Lewisham, London Borough of Culture 2022

In late 2021 I was commissioned by Lewisham Local - the volunteering partner for the Lewisham, London Borough of Culture programme - to produce a series of training videos to support their induction of new volunteers.

Whilst I’m not a professional filmmaker, modern tech means it’s relatively simple to produce video to what I describe as a ‘good YouTube standard’ at a fraction of the cost of professional agencies. Below is a short trailer for the third video in the series, designed to help induct Volunteer Ambassadors into their roles.

I loved making these films! If you’d like to discuss producing something similar for your own programmes, do get in touch.

How volunteering is changing - Vision for Volunteering

Working with Counsel Ltd, I was thrilled to be part of the team developing the cross-sector Vision for Volunteering, asking how the volunteering movement needs to adapt by 2032.

As well as my core role in supporting Sport England’s engagement with the Vision, in order to develop a contribution specific to the sport and physical activity sector, I was also part of the central writing team for the first iteration of the Vision, published in May 2022.

This gave me the opportunity to reflect on how the volunteering landscape was changing and how the development of the Vision fitted into that story. You can read my conclusions below, also reproduced on the Vision site as the ‘How Volunteering is Changing’ section.

It’s a slightly longer piece than your average blog post - a short essay if you like - but it’s great entry into how I see the world of volunteering and where it’s going. I hope you enjoy it.


HOW VOLUNTEERING IS CHANGING

A look back into the recent history of volunteering in this country reveals several ‘breakthrough moments’ - 2005’s Year of the Volunteer, London 2012 and most recently, the Covid era. All such moments tell us something about the nature of volunteering in this country, offering real opportunity for reflection and change.

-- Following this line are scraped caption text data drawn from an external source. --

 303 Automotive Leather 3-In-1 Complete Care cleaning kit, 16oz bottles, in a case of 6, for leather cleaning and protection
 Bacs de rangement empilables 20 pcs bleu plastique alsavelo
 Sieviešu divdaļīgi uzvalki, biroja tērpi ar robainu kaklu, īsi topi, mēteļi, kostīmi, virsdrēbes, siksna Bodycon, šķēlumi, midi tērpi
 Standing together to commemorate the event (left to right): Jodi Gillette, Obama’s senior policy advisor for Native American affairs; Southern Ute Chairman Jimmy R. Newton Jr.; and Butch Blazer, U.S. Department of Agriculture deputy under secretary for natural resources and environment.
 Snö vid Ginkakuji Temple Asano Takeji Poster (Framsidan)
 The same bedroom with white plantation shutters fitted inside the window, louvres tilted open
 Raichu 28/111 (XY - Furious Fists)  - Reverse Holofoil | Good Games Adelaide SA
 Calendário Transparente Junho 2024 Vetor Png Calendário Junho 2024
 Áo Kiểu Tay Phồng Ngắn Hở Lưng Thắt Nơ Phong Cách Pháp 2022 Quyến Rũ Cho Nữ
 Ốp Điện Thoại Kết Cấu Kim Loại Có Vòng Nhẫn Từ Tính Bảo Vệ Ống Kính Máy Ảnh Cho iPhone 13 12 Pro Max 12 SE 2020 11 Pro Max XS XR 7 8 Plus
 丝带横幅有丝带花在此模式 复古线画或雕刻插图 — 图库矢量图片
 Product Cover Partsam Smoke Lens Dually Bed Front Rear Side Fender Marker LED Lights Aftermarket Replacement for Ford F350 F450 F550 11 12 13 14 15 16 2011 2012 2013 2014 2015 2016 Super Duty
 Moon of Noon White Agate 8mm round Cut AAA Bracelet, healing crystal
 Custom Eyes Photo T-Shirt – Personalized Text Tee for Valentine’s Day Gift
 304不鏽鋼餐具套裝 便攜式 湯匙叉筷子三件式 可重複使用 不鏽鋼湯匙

It is within this spirit that the Vision for Volunteering was conceived. 

But of course not all ‘moments’ are the same; the Year of the Volunteer and London 2012 were celebratory occasions, fuelled by the temporary phenomena of national campaigns and major events. Both were followed by spikes in the numbers of those volunteering, which over time fell back to something more like their pre-moment levels. Growing volunteering through planned interventions has proved possible, if perhaps not sustainable.

The Covid era is clearly a different kind of phenomena - it hasn’t yet led to observable net growth and appears unlikely to do so. However the numbers of those volunteering for the first time was significant [2] - 4.6m new volunteers puts a major dent in the cohort of 3 in 10 UK adults who had never previously participated. [3]

And we can also celebrate the tremendous agility of volunteers, as many pivoted in their roles and practices to urgently address new needs. The speed at which the community response mobilised and the unity found in its relentless focus on a collective, national cause were also an immense credit to the nation’s faculties of compassion and resilience. 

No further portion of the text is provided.